**Instructions for the task**
Starting at the line that contains "10 Year Anniversary", reproduce only the lines through the end of the data, exactly, including both the first and the last; skip the pictures.

Information shown START

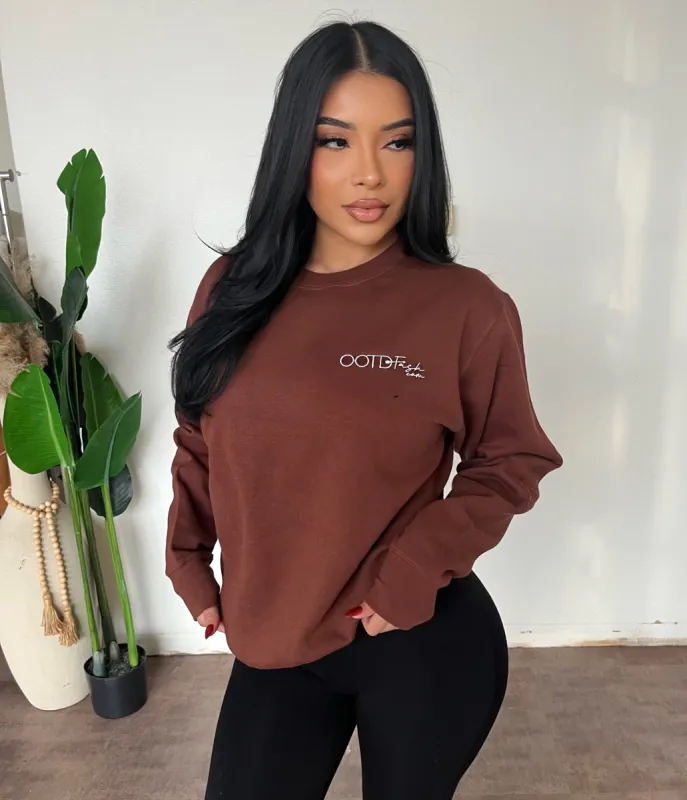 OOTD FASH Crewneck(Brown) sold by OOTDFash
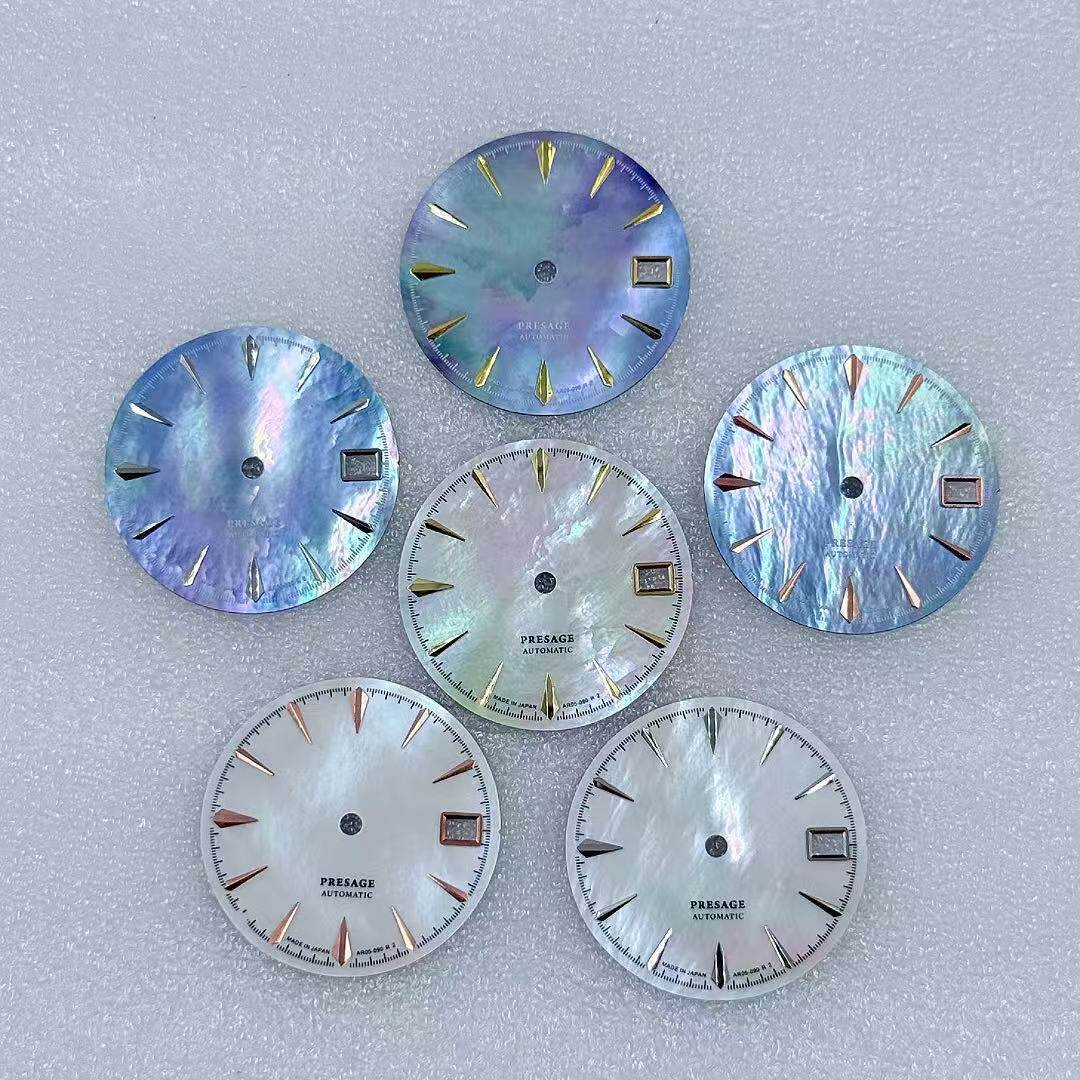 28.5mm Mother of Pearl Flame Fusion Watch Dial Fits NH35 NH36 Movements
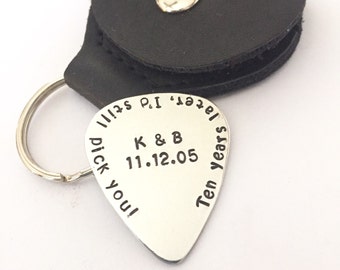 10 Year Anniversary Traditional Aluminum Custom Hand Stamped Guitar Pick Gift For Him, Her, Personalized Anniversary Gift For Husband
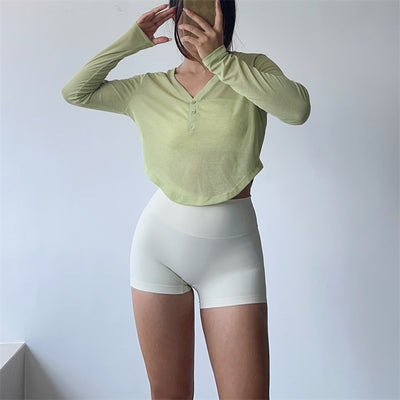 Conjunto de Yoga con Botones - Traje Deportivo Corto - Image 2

Information shown END

**Task result**
 10 Year Anniversary Traditional Aluminum Custom Hand Stamped Guitar Pick Gift For Him, Her, Personalized Anniversary Gift For Husband
 Conjunto de Yoga con Botones - Traje Deportivo Corto - Image 2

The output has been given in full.